» Task item
Your task is to quote the listing below exactly, beginning with its first line and ending on the line bearing "grilled meat on a frying pan - burger".

» Records for the exercise
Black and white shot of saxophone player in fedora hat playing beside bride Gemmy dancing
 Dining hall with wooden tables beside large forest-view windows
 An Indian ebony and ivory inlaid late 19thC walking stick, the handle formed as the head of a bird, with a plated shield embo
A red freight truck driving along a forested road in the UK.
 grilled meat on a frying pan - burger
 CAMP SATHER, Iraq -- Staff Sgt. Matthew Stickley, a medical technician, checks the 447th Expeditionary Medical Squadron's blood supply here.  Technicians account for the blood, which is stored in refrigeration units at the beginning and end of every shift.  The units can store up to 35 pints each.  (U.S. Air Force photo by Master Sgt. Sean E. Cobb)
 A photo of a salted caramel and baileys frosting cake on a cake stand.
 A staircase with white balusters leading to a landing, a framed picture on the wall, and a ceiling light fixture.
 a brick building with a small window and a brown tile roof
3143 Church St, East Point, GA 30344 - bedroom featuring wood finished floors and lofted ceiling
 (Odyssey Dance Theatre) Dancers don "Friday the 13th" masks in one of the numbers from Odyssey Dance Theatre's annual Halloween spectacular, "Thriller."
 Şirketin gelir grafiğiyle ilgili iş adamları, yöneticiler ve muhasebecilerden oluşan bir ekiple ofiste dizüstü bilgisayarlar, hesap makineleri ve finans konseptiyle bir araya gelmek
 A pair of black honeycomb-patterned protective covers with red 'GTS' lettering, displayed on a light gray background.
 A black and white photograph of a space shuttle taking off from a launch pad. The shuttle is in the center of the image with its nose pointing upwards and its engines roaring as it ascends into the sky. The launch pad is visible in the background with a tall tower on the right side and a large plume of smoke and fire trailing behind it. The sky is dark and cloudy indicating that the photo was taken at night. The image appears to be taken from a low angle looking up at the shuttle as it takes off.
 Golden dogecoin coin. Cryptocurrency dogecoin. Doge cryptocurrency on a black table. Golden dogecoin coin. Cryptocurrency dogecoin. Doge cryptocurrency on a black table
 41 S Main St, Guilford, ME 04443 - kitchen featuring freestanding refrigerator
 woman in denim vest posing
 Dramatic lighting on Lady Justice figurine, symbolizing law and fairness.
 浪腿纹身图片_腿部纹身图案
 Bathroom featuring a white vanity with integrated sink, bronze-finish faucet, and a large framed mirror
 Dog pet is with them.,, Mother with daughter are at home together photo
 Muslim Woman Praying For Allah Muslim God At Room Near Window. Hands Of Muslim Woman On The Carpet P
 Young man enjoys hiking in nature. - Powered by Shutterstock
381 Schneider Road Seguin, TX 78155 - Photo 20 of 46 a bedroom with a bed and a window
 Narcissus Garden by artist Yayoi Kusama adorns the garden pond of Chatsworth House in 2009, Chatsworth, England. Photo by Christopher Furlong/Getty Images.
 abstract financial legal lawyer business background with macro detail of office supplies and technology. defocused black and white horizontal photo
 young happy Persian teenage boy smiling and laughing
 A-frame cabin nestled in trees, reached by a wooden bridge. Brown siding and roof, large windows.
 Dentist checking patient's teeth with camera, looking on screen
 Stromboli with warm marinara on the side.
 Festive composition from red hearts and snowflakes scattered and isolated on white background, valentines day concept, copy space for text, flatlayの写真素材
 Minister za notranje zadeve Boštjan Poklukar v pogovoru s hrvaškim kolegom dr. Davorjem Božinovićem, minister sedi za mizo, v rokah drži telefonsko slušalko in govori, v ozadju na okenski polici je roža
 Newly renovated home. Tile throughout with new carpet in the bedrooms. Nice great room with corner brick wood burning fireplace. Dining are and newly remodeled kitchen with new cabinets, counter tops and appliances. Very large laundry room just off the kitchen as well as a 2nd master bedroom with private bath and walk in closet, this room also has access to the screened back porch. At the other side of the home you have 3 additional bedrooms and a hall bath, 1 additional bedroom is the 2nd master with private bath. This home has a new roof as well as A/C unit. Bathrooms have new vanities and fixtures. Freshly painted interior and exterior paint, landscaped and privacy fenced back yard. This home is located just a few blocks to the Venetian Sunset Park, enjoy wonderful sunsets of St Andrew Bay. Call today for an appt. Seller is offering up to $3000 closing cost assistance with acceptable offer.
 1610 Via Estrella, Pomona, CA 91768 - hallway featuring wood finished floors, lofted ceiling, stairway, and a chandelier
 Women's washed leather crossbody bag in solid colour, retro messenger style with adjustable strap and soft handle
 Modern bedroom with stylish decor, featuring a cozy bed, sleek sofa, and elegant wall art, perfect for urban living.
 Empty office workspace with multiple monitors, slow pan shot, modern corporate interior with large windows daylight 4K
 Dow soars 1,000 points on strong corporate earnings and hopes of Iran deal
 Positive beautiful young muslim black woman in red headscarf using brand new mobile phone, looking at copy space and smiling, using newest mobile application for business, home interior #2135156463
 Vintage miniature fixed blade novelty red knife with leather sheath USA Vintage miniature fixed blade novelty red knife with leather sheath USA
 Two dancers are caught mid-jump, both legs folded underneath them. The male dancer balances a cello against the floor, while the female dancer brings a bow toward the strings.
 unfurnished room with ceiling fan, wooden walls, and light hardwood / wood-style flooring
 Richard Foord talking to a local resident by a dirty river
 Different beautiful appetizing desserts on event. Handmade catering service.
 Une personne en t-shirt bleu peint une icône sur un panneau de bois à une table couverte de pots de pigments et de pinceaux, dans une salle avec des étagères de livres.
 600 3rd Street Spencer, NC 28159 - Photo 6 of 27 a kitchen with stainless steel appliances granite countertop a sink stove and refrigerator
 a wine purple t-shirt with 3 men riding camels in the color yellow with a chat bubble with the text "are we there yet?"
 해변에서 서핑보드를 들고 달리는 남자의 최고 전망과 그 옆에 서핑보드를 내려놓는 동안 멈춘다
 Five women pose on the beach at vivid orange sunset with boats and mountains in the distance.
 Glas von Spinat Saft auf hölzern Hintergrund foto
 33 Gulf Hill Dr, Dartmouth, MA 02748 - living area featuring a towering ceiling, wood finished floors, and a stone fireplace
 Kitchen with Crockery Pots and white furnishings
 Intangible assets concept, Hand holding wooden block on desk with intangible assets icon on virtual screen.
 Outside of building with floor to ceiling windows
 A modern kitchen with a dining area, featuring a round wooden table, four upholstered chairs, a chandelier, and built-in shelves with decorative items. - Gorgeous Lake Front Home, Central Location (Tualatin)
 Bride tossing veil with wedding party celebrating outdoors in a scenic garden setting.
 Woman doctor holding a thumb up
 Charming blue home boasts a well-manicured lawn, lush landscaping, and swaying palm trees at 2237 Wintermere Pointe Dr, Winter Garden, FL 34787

» Answer to this problem
Black and white shot of saxophone player in fedora hat playing beside bride Gemmy dancing
 Dining hall with wooden tables beside large forest-view windows
 An Indian ebony and ivory inlaid late 19thC walking stick, the handle formed as the head of a bird, with a plated shield embo
A red freight truck driving along a forested road in the UK.
 grilled meat on a frying pan - burger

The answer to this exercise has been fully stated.